Taehyun mengatupkan rahang. Merasa kalah telak. "Oke, aku akan pergi. Tapi, izinkan aku lakukan satu hal terakhir." Taehyun langsung mundur ketika mendapati Beomgyu menurunkan kertas dan tak menulis lagi. Buru-buru dia berlari ke kamarnya guna mengambil bantal dan selimut untuk Beomgyu.

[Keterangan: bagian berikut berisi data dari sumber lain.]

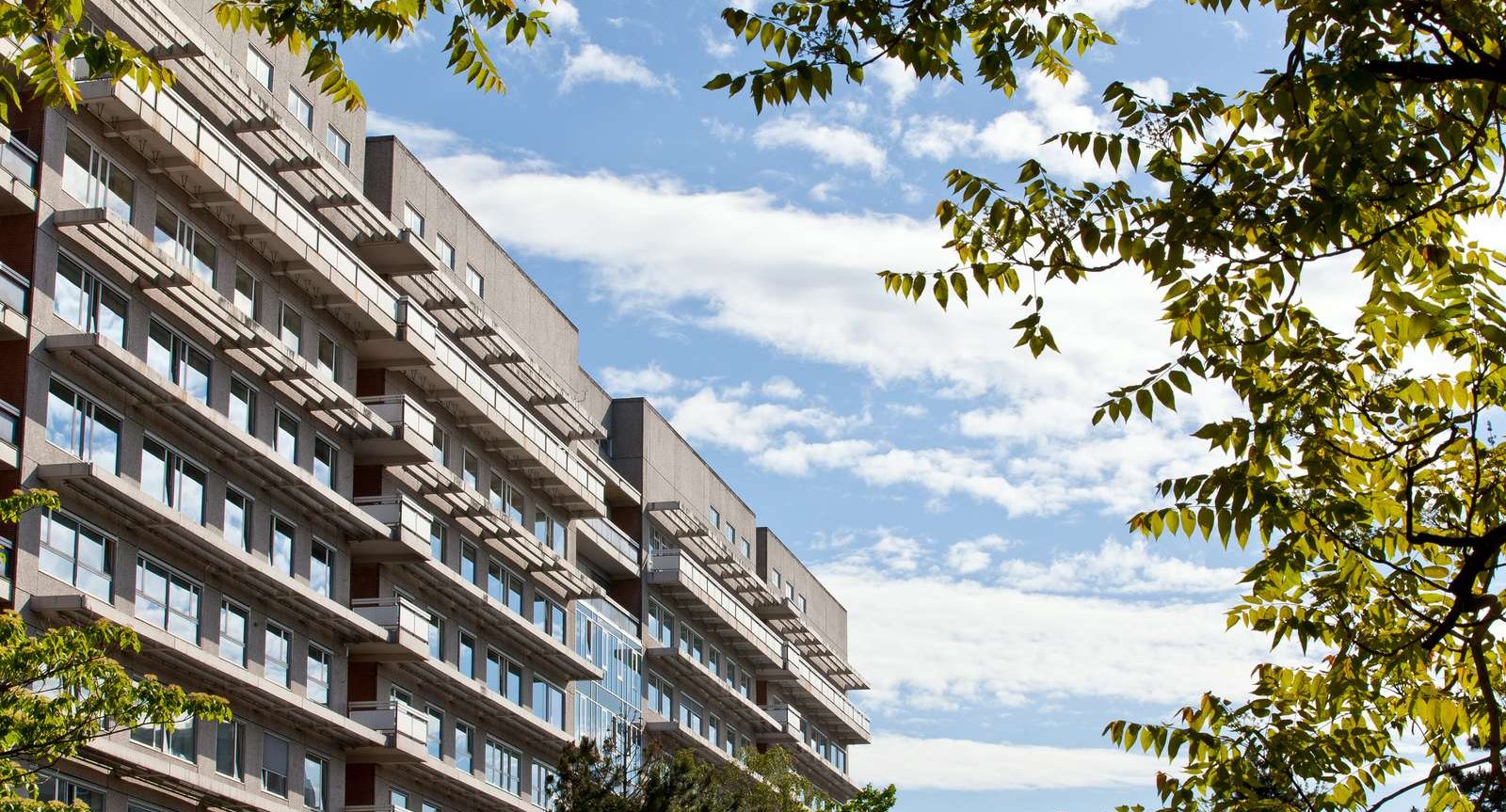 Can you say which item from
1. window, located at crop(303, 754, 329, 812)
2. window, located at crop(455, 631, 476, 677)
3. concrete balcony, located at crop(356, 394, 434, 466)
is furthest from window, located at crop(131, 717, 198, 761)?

Taehyun senang sekali mendapati Beomgyu tak lagi kukuh menolak kedatangannya ketika dia kembali membawa benda-benda itu. "Kulitmu dingin sekali, pasti karena tidur di lantai yang seperti ini selama ini. Pasti lehermu sakit dengan rantai itu. Boleh aku melihatnya untuk mencari tahu cara melepasnya?" Taehyun dengan ringan mengulurkan tangan meraih leher Beomgyu, tapi Beomgyu yang tidak senang lebih cepat menepis keras tangan Taehyun sehingga pukulan ringan terjadi di sana. "M-maaf," cicit Taehyun yang merasa bersalah.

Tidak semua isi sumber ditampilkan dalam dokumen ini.